Bronfman said he will resume business on Tuesday at 5 p.m. with his annual party for the Toronto International Film Festival (TIFF). The 10-day festival overlaps this year with Rosh Hashanah and Yom Kippur — an overlap that also occurred in 2010 and 2013.

Other Jewish players in the Toronto film-making scene also said they would observe Rosh Hashanah, but declined to go on the record so as not to give their competitors an edge, The Hollywood Reporter said. Others said they will be trying their best to honor the holiday while still tending to business.

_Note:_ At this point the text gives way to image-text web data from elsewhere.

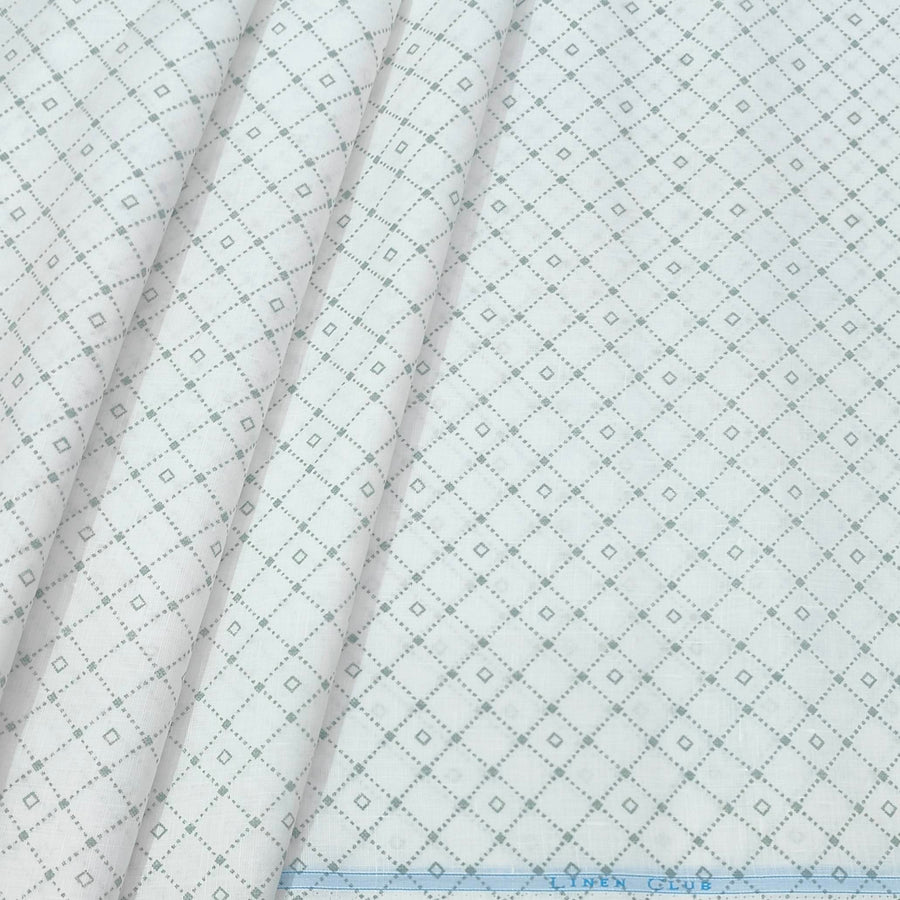 Shirt Fabric Linen Club Linen Blended Printed Colour Light Green N White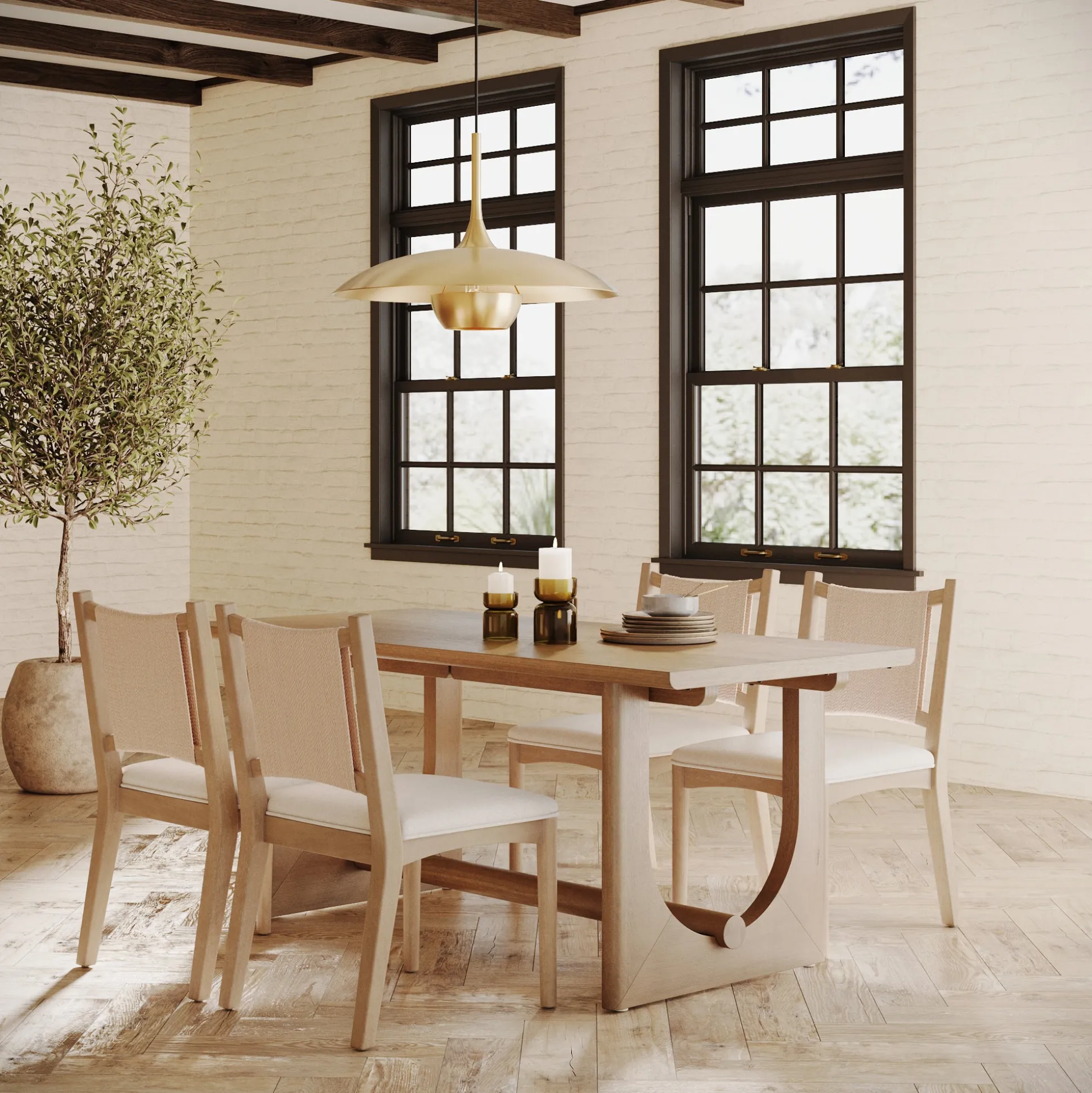 Mid-Century Flax Dining Table Set (4 Chairs)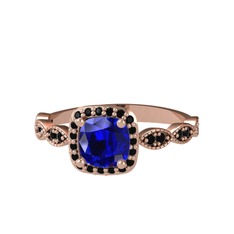 Minimal Tate Yüzük - Lab safir ve siyah zirkon 8 ayar rose altın yüzük #1d9r90g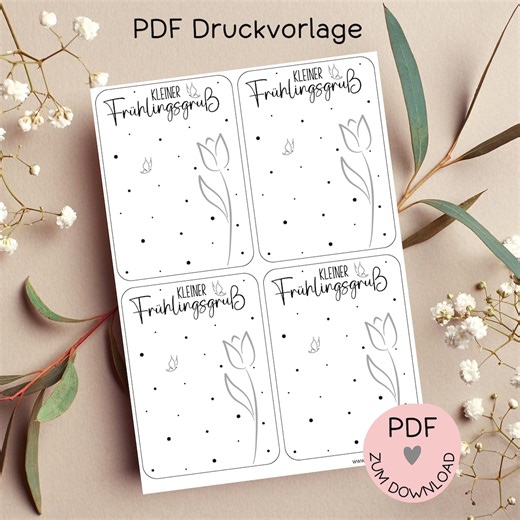 Digital File, PDF Print Template for Cards "little Spring Greeting", E.g. for Creating Small Gifts in Spring - More in the Shop! - Etsy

Jeffrey Greenstein, president of international sales and distribution for Nu Image, said the TIFF conflict with the Jewish holidays results in some Jewish buyers not attending the film festival. However, he said, he does not have that option. Instead, he tries to manage the best way he can.

“One year 
I had to fly on Yom Kippur, and so I fasted on the plane and downloaded a siddur on my iPad to say my prayers while I had to travel,” he told The Hollywood Reporter. “This year, I tried to keep my dinner open on Rosh Hashanah to celebrate, but when Lionsgate U.K. couldn’t make our earlier time, naturally I agreed. I won’t stop doing business these days, but I will find a way to honor the holiday.”

DDA partner and president Dana Archer also admitted that she can’t afford to halt business because of Rosh Hashanah. Her company will screen four films on Sunday, making it their “busiest day,” she said.

“I can’t really slow down,” she said. “I will just have a lot of repenting to do post-TIFF, pre-Kippur.”